I'nesia boycott possible, Australia says
published : 13 Feb 2015 at 11:14
SYDNEY - Australian travellers could boycott Indonesia if Jakarta executes two drug smugglers on death row, Foreign Minister Julie Bishop said Friday as she refused to rule out withdrawing diplomats.
Australians Andrew Chan (L) and Myuran Sukumaran, members of the "Bali Nine" drug ring, are seen in a cell during their trial in Denpasar, Bali
Ms Bishop, who pleaded for the lives of Andrew Chan and Myuran Sukumaran in parliament Thursday, said the situation was tense as Indonesian authorities made plans to transfer the pair from prison to the site of their execution.
"It's a very tense situation," Bishop told Fairfax radio.
Vigils have been held around Australia, which does not support the death penalty, to plead for mercy and Ms Bishop said if they faced the firing squad it could influence whether Australians took holidays in Indonesia.
She warned Jakarta against underestimating the strength of feeling within the Australian public for the pair.
"I've been overwhelmed with emails and text messages, I know that people have been staging vigils and rallies," she said.
"I think the Australian people will demonstrate their deep disapproval of this action, including by making decisions about where they wish to holiday."
The Indonesian island of Bali is a key holiday destination for Australians.
Asked whether Australia would consider withdrawing its officials from Indonesia if the pair are executed, Ms Bishop said: "This is a matter still to be considered.
"My concern is that we want the lines of communication between our ambassador and the Indonesian government to remain open," she added.
Ms Bishop said she was not giving up hope on Chan and Sukumaran, the ringleaders of the so-called "Bali Nine" heroin smugglers who were arrested in 2005 and sentenced to death the following year.
But she noted that after five years of no executions in Indonesia, new President Joko Widodo had made it clear that "they will continue to execute those on death row".
The foreign minister said Australia would do everything it could to stop the executions in Indonesia, a near neighbour and a close trade and security partner.
"Executing these two young men will not solve the drug scourge in Indonesia," she said.
Australian artist Ben Quilty, who has become close to both men over the past four years, said the situation was grim after an Indonesian official said Thursday the pair would be transferred "as soon as possible" for their execution site.
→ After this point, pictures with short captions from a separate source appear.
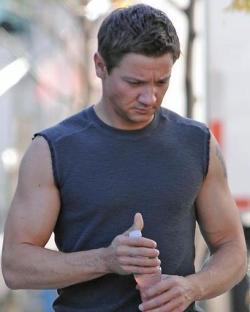 manculture:  Jeremy Renner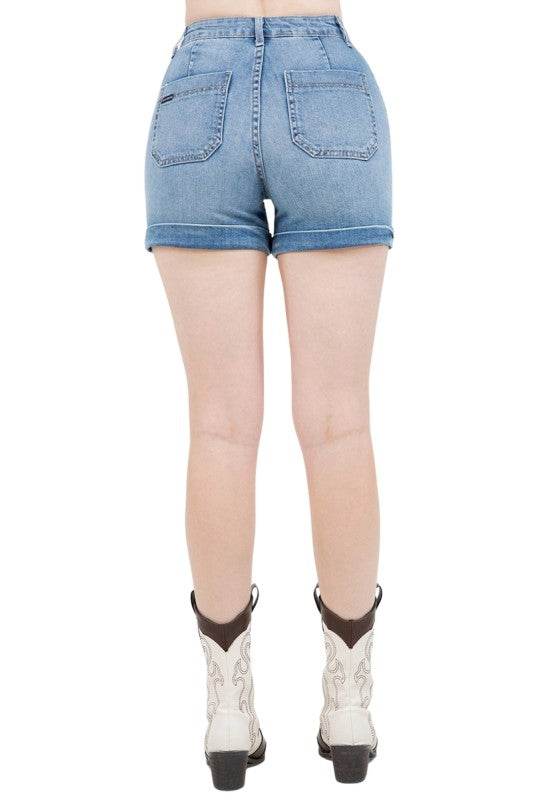 Willow Denim Short in Light wash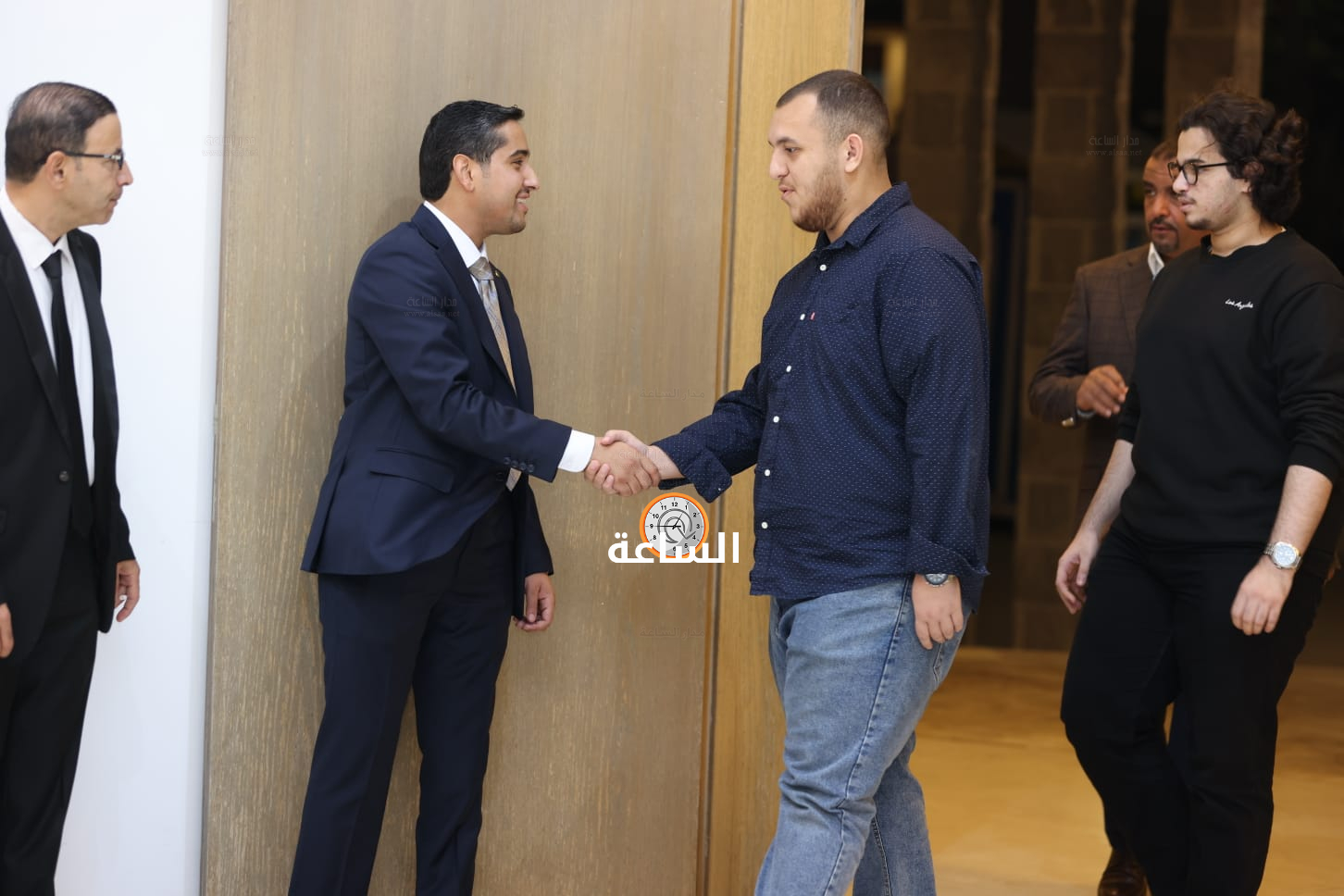 Madar Al-Saa Images 0.24338311801687973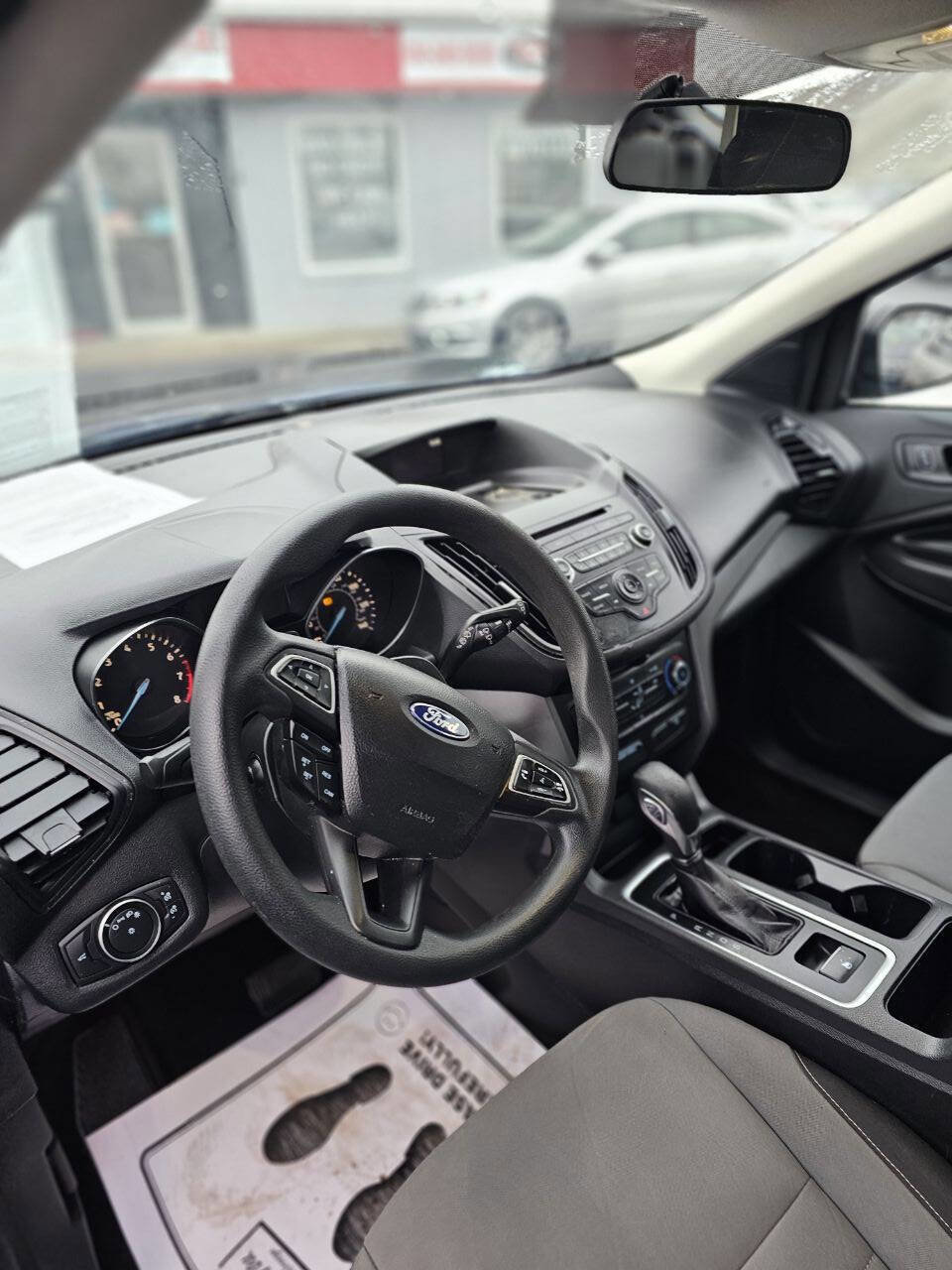 Used 2018 Ford Escape S image 14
Indonesia has said the prisoners will be executed outside Bali on Nusakambangan Island, which is off the main island of Java and home to a high-security prison. Six drug convicts were executed there last month.
"I think hope has sort of gone from them now and they are just trying to work out how they are going to cope with what's coming," Quilty told Fairfax radio.
"Yesterday was the first time I really saw Myu broken."